8.10.13
Rabbit Reading
Okay, I admit it. I was more than a little reluctant to embark on rabbit ownership so soon after taking on the responsibility of a new puppy. But Alice had worked so hard, for months, researching for hours on the internet, buying books on rabbit care, special toys and equipment out of her pocket money, and even building a palatial hutch pretty much all by herself, that we couldn't hold out any longer.
So Momo and Meyer entered our lives. (Meyer was originally christened Maya, until a visit to the vet set us straight on his gender. Now we think of him as Meyer Lansky, the small but crafty gangster from Boardwalk Empire.)
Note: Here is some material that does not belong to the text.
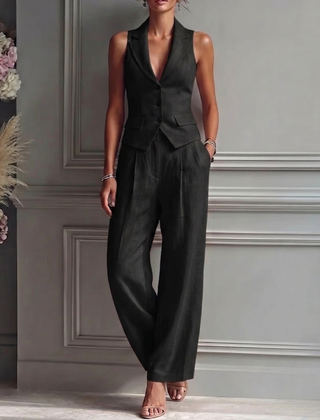 Ensemble Femme Gilet Sans Manche Col V et Pantalon Large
At first it all seemed to be too much. Plastic tubs full of hay and pellets and litter; daily cleaning; thrice daily food supply; the mysterious nightly noises emanating from their hutch; the sweeping up of pellets, emptying contaminated water, removal of spoiled hay; the worry that we might soon be hosting unwanted baby bunnies (at least now we know that's not going to happen)... Even though Alice is doing most of the work, it just seemed like a lot of labour for not much reward. I remembered with dread how friends had warned us that rabbits were boring. They weren't like the puppy, who barks and frisks and cuddles up to us, who is frantic with joy at the sight of us, who looks contrite when she makes a mistake, and expresses her personality every moment of the day. The rabbits just kind of... sat there.
Then I read Watership Down. Because fiction holds the answer to every problem.
And in this case, it did.
Losing myself in the story of Hazel, Fiver, Bigwig and the rest, I was completely caught up in their adventures, their rabbit mythology, all the careful, vivid details of the English countryside, their special language and their rabbit-centred view of the world. But most of all, Richard Adams made me care passionately about the fate of these characters -- steady Hazel, uncanny Fiver, clever Blackberry, loyal little Pipkin, desperate Strawberry, the courageous hutch rabbit Clover, the terrifying General Woundwort.
Because this is the gift of fiction: to make us empathise with people whose experiences and view of life are very different from our own. Even when those people happen to be rabbits.
And now I find that I can appreciate beautiful Momo's sweetness, and his tentative forays into the unfamiliar. I can applaud the bold leadership of Meyer, who made three daring escape bids in as many days. Watership Down has made me see that our bunnies are people, too. Not humans; but people.